Proceeding, I did a feature where I categorise the time into "Morning", "Afternoon", "Evening", "Night".
This will then be tested as well to determine the association between timing and conversion rate.

Interpretations:

There is a statistically significant relationship between time slots and conversion rates, although the strength of this association is weak.
The Afternoon time slot has the highest conversion rates, suggesting it may be the best time to reach users.

4. A/B Test for equality of proportion

Purpose:

The purpose of this test is to evaluate the efficacy of different test groups (categorical variable).

The test groups consist of advertisements and public service announcements. I want to determine which group performs better.

This is where the Z-test for two proportions is applied.

Explanation:

Before I start with the Z-test, I need to check how many samples I need to assume normality.

This is when NormalIndPower() comes into the play.

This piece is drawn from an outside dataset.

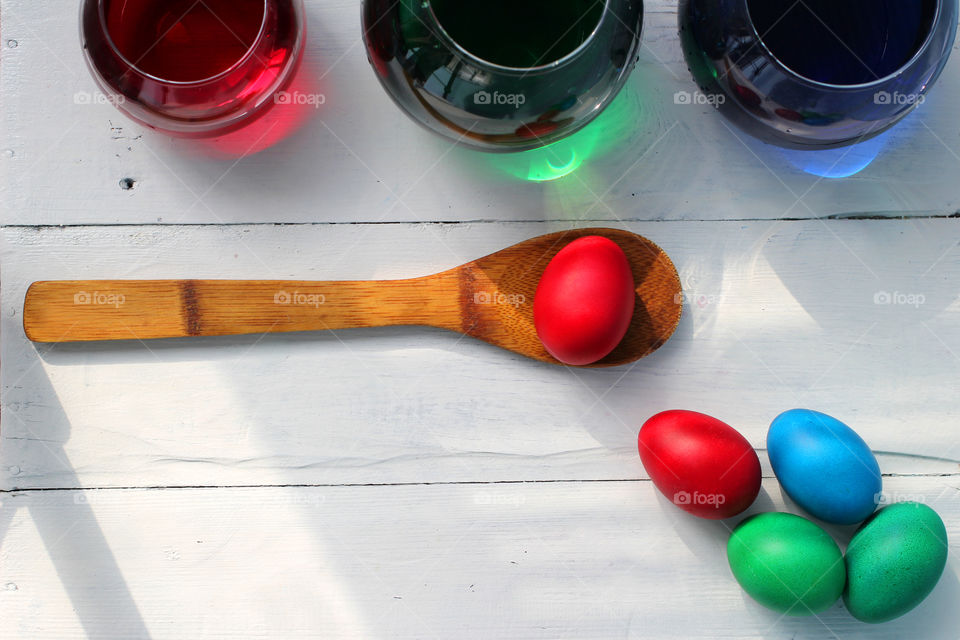 High angle view of easter eggs and colored bottles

Without an appripriate amount of sample size, this could lead to Type I or Type II errors.

Interpretations:

A higher Z-statistic (positive) suggests that the first group (success_ad) has a higher proportion compared to the second group (success_psa).

This indicates that there is a statistically significant difference in the proportions of conversions between the ad group and the PSA group. The difference in the proportions is not due to random chance.

However, we have to look into odds ratio to determine the likelihood of converting.

Interpretations:

There is a statistical significant difference in conversion rates between the ad and psa groups.

The conversion rate in ad group is slightly higher than in the PSA group, however the odds ratio suggest that the users exposed to ad have a lower odds of converting than those exposed to PSA.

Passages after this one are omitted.